*Directions for this task:*
What you need to produce from the material below is an exact transcription of the lines from the one with "A sculpture from" through the one with "Free photo front", both included, and no other line.

*Records for this exercise:*
————————
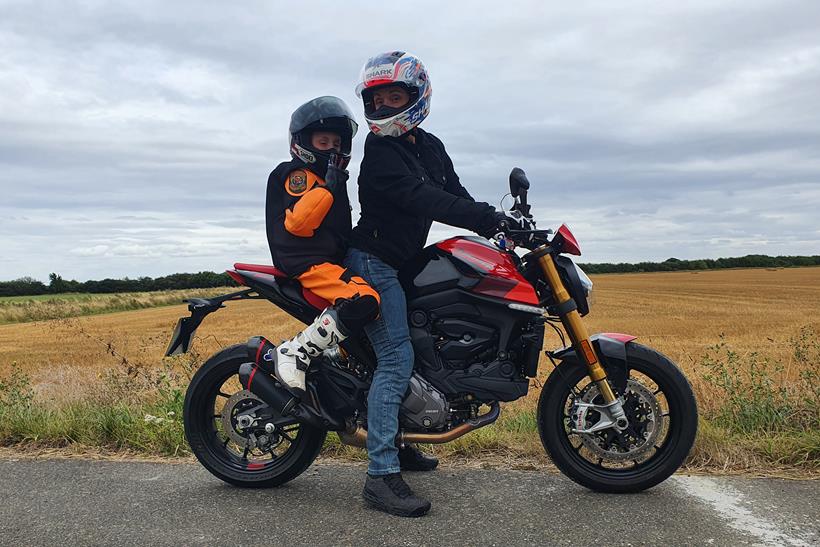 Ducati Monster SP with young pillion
————————
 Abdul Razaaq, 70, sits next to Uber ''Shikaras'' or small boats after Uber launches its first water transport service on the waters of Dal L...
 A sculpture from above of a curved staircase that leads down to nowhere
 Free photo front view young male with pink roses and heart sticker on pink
————————
*Output of the exercise:*
 A sculpture from above of a curved staircase that leads down to nowhere
 Free photo front view young male with pink roses and heart sticker on pink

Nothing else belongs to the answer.